Der kleine Ralf überlebte, doch seine Zukunftschancen waren düster. Nach dem Krieg wurden Menschen mit Behinderungen in großen, abgelegenen Anstalten untergebracht. Damit wollten sich Ralfs Eltern nicht abfinden und gründeten 1960 einen „Verein für cerebral gestörte Personen“, der sich wenig später der deutschen Lebenshilfe anschloss.

Die 60er Jahre:
Das Erste Steiermärkische Behindertengesetz

Maria Pachleitner wurde nach dem plötzlichen Tod ihres Mannes 1961 Präsidentin des Vereins und blieb es bis 1987. Sie war politisch bestens vernetzt und an der Entstehung des Ersten Steiermärkischen Behindertengesetzes, das 1964 beschlossen wurde, beteiligt. Dort waren Leistungen wie Arbeit in Werkstätten und Beschäftigungstherapie angeführt, Rechtsanspruch gab es allerdings keinen.

Die 70er-Jahre:
Das erste Wohnhaus der Lebenshilfe

Immer noch spukten die Gräuel der NS-Zeit in den Köpfen der Eltern, sie sehnten sich nach einer sicheren, geschützten Umgebung für ihre Kinder. Nach jahrelangen zähen Verhandlungen kaufte die Lebenshilfe schließlich die Blumauer Villa in Söding. 1973 wurde dort das erste Lebenshilfe-Wohnhaus, das „August Pachleitner Wohnheim“, eröffnet. Bereits zwei Jahre später war es zu klein und ein zweites Haus wurde auf dem Areal eröffnet, 1984 ein drittes. Zu Spitzenzeiten lebten und arbeiteten 100 Menschen hier.

Die 80er Jahre:
Der Weg zur Integration

In der ganzen Steiermark entstanden ähnliche Eltern-Initiativen, die sich der Lebenshilfe anschlossen. 1981 war es Zeit für eine neue Struktur der rasch gewachsenen Organisation: Aus einer steirischen Lebenshilfe wurde der Landesverband mit verschiedenen regionalen Sektionen. Die Lebenshilfe Graz und Umgebung (GUV) war eine davon. Nun entstand mit der Wolkensteingasse auch in Graz ein Wohnangebot, 1991 ein großes Wohn- und Arbeitsprojekt in der Casalgasse.
Die Kinder der Gründer:innen waren inzwischen erwachsen geworden und eine neue Generation junger Eltern wollte weg von den Sondereinrichtungen.

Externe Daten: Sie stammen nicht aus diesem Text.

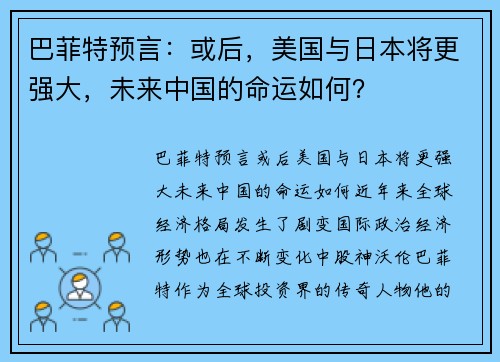巴菲特预言：或后，美国与日本将更强大，未来中国的命运如何？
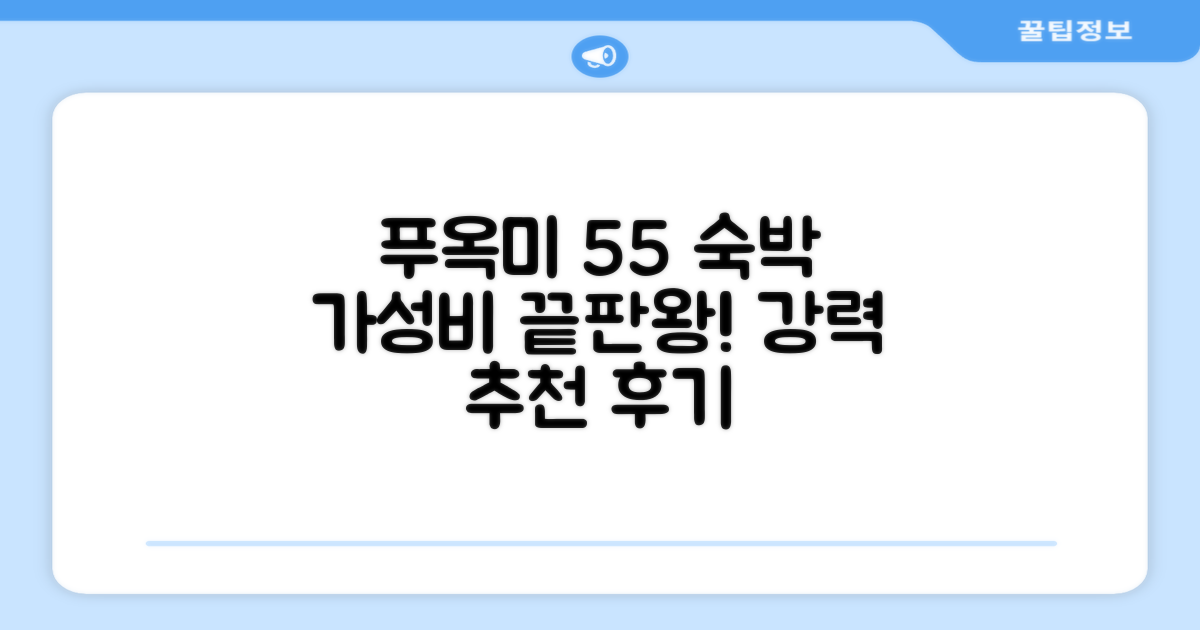 푸옥미의 아파트먼트 55m² 숙박 후기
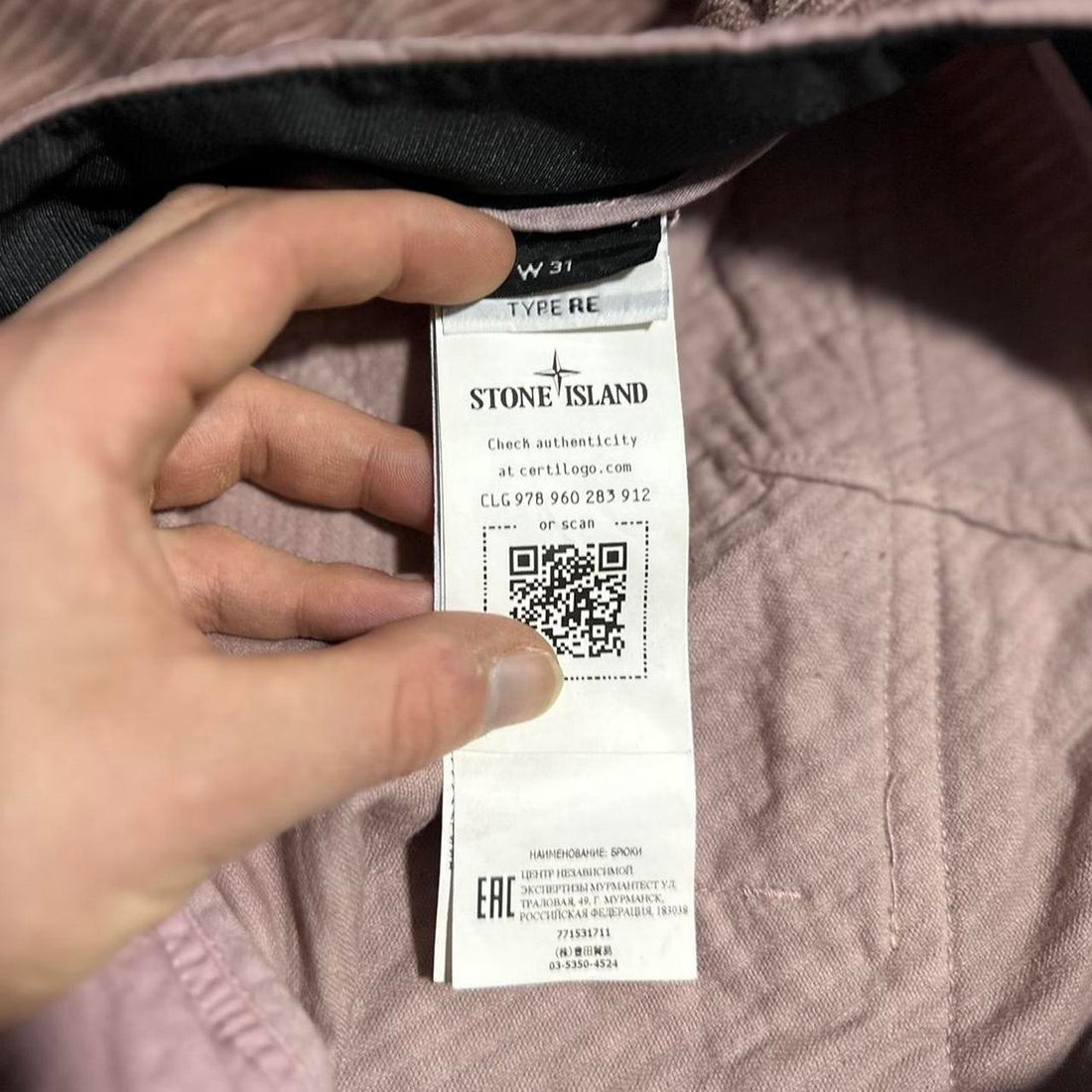 Stone Island Corduroy Bottoms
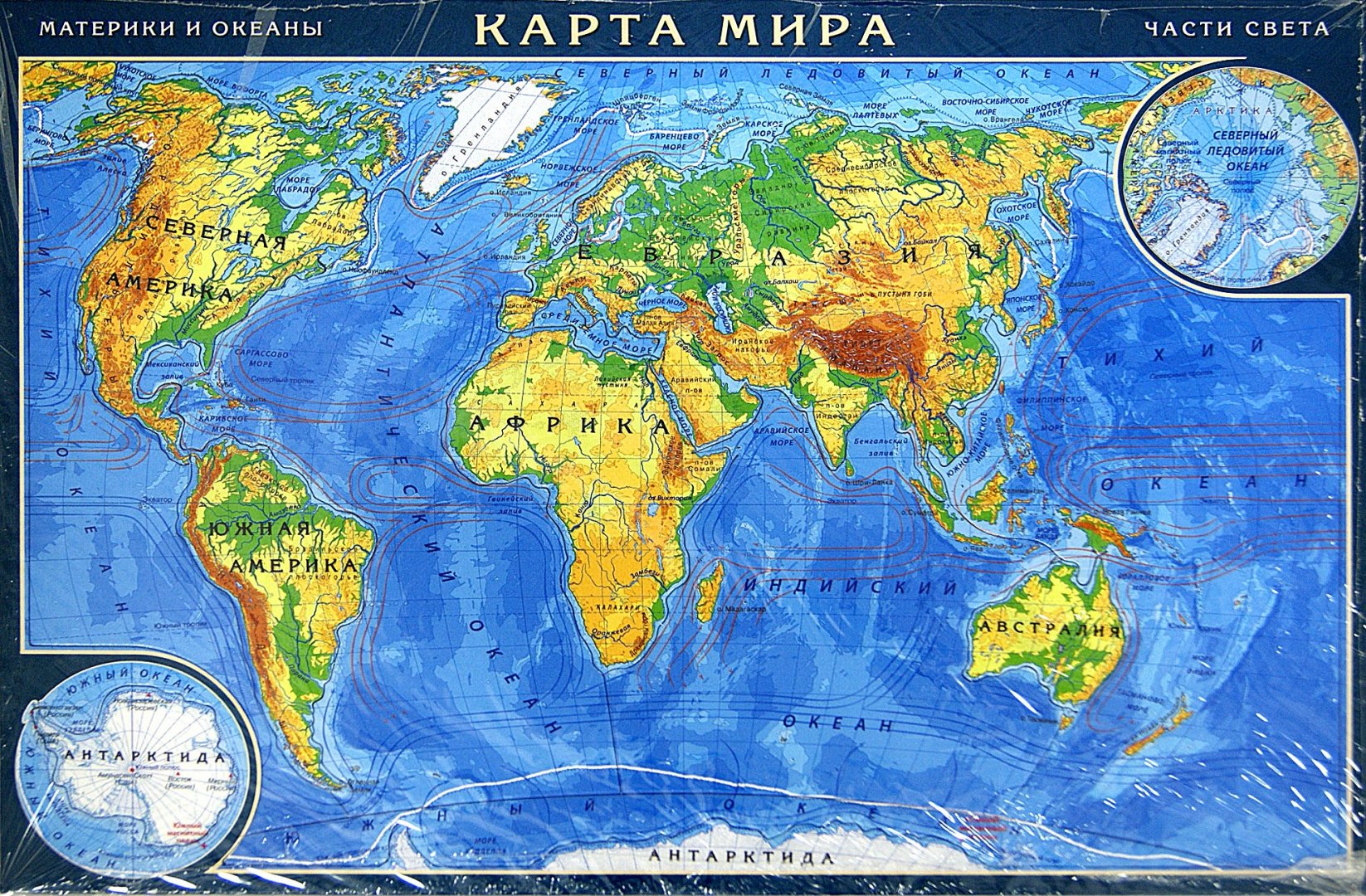 Приложение карта планеты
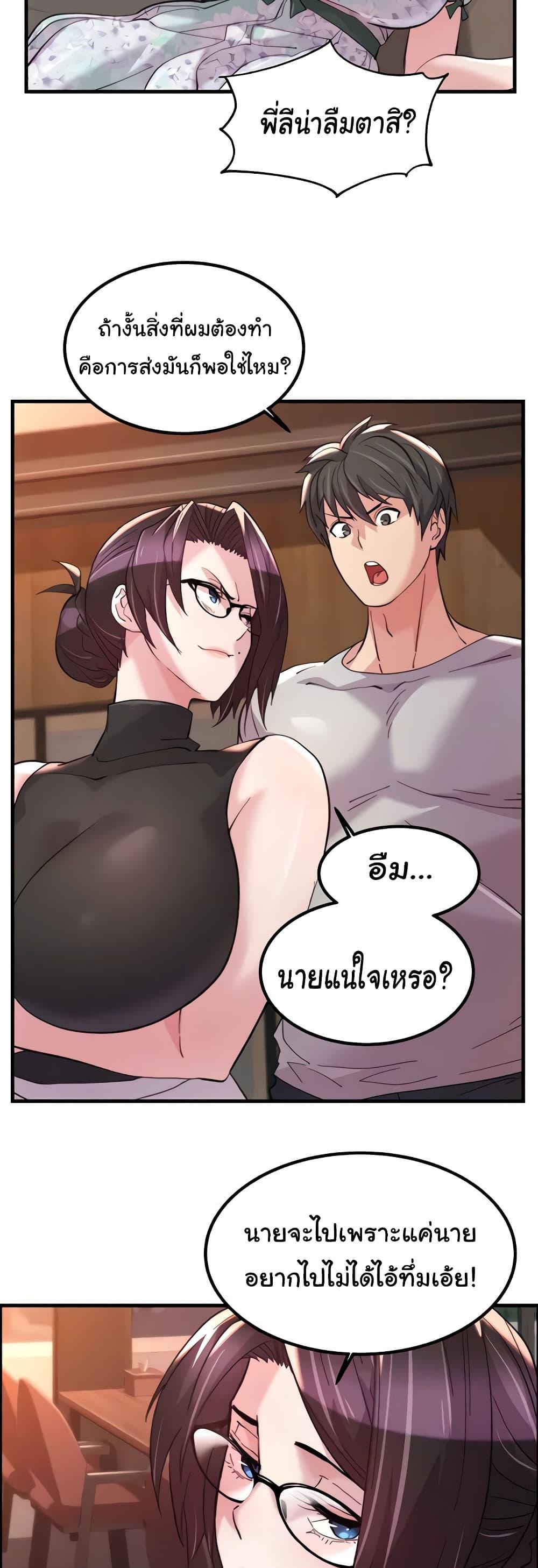 Chicken Club – Chicken Club – ตอนที่ 18 หน้า 33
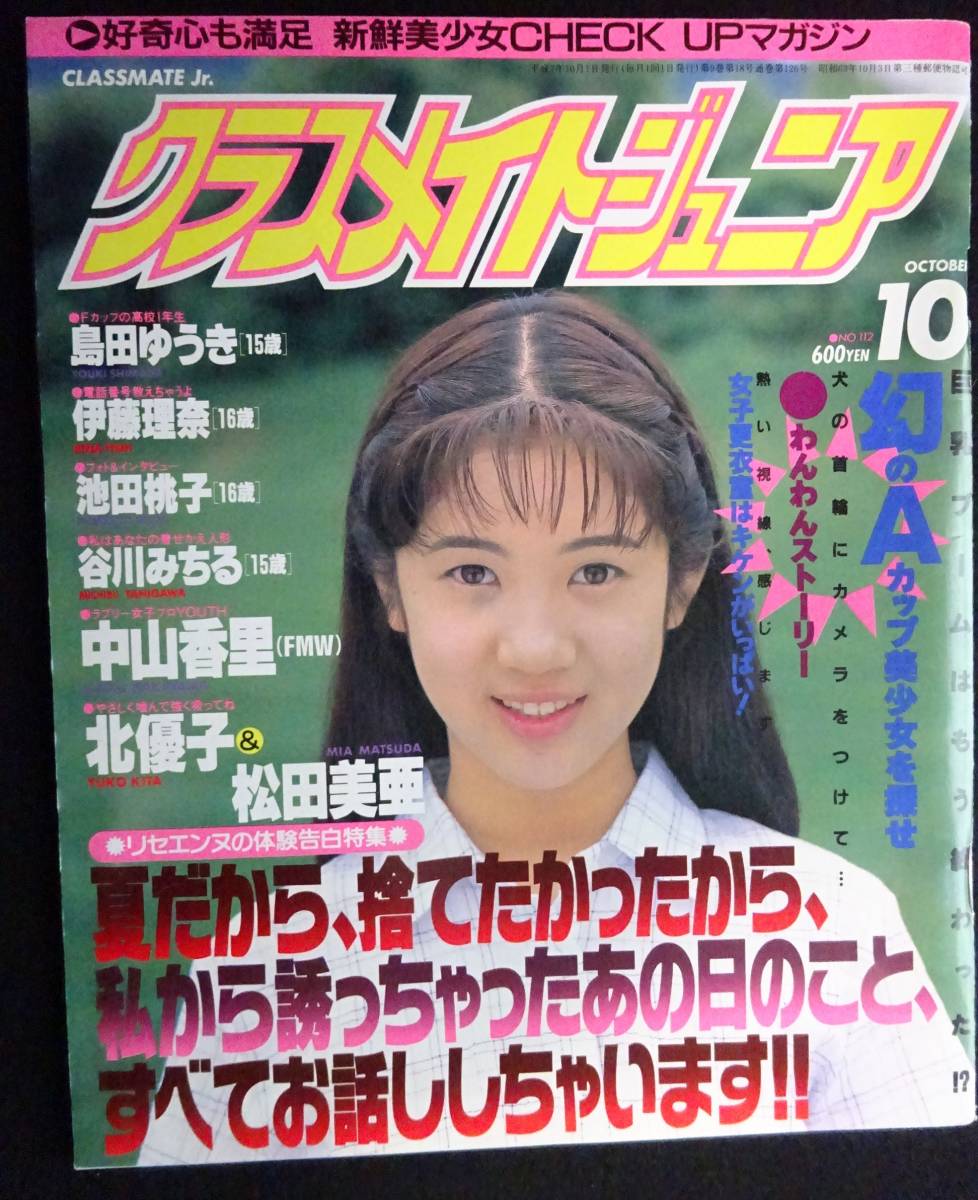 Yahoo!オークション -「クラスメイトジュニア 1995」(本、雑誌) の落札相場・落札価格 Yahoo!オークション -「クラスメイトジュニア 1995」(本、雑誌) の落札相場・落札価格
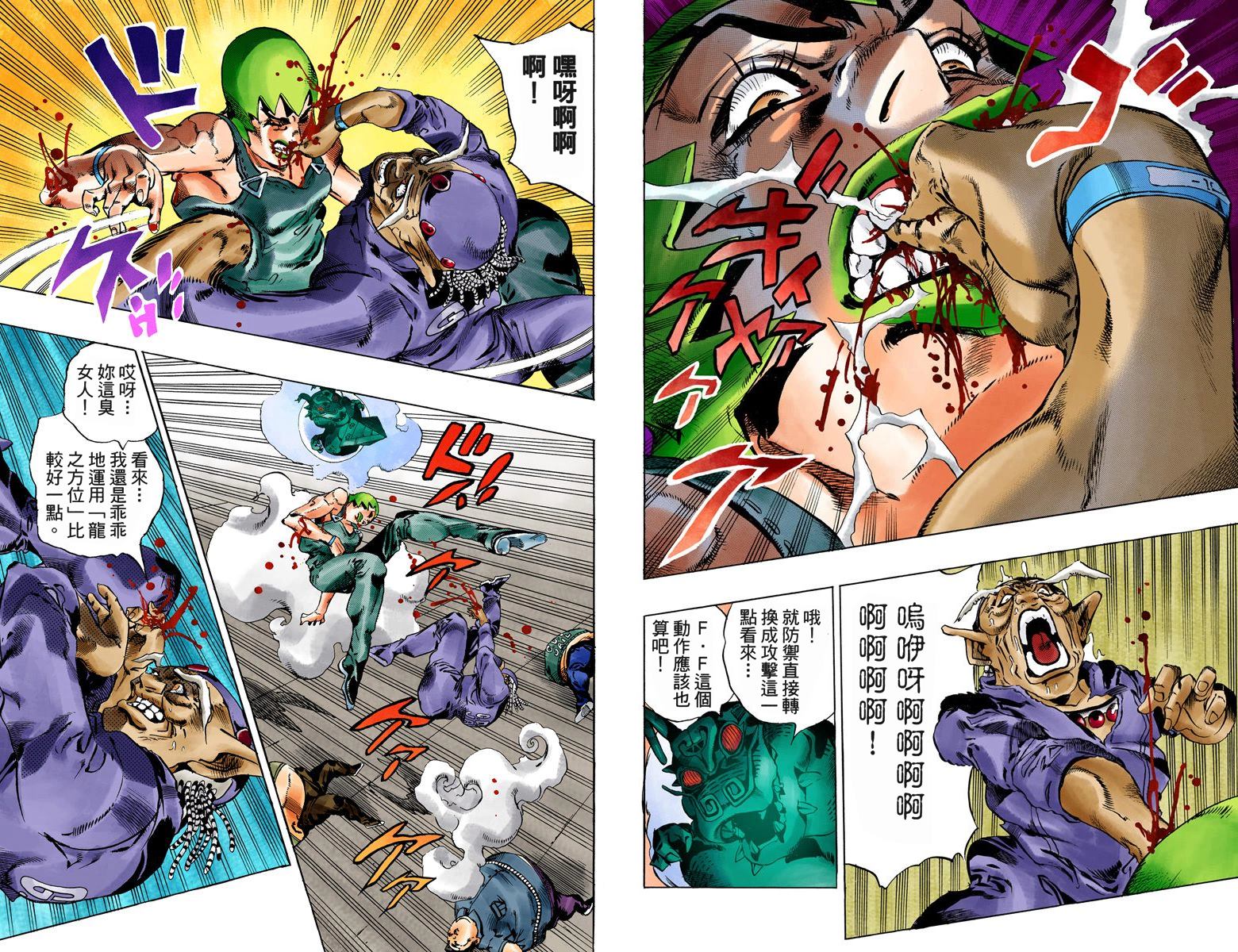 第6部08卷全彩72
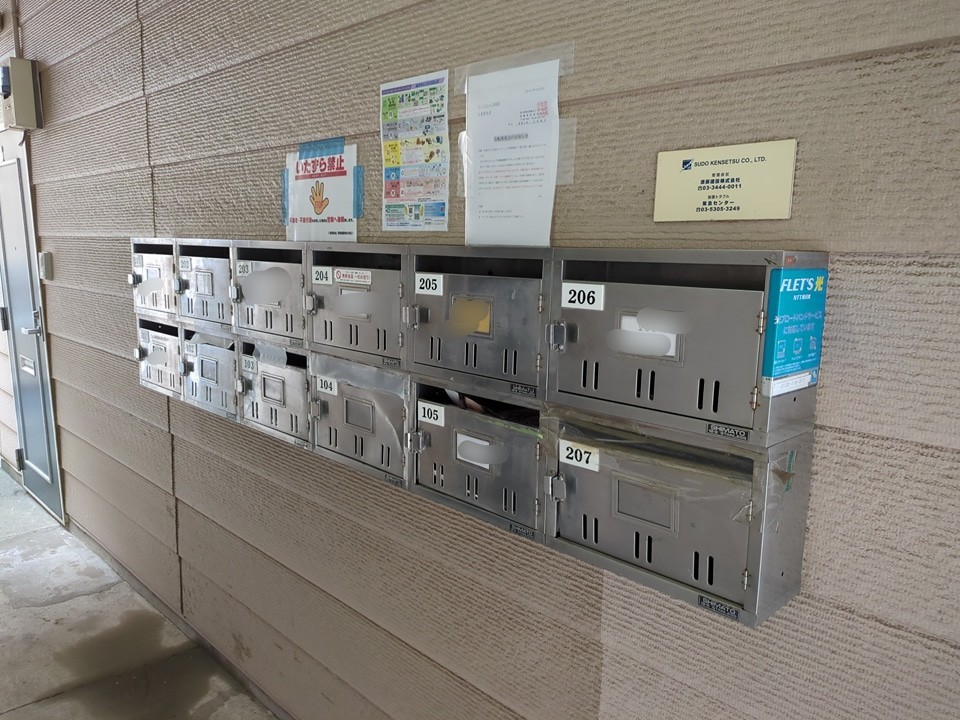 29/30 その他画像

„Integration“ war international zum Leitbegriff geworden, Selbstbestimmung und ein „Leben wie andere auch“ das Ziel.
Mit der Eröffnung einer Frühförderstelle und der ersten Trainingswohnungen Ende der 80er-Jahre war die Lebenshilfe in Graz österreichweit Vorreiterin.

 

Und wieder war es ein Neugeborenes mit Trisomie 21, das seine Eltern zum Engagement bei der Lebenshilfe bewegte.

1980 kam Wolfgang Vennemann zur Welt, dessen Mutter Ursula – eine begeisterte Kämpferin für Integration und Inklusion – bis heute Präsidentin des Vereins Lebenshilfe GUV ist. Ihr Sohn Wolfgang gehört zur ersten Generation steirischer Kinder, die in Kindergarten und Schule integrative Angebote nutzen konnte.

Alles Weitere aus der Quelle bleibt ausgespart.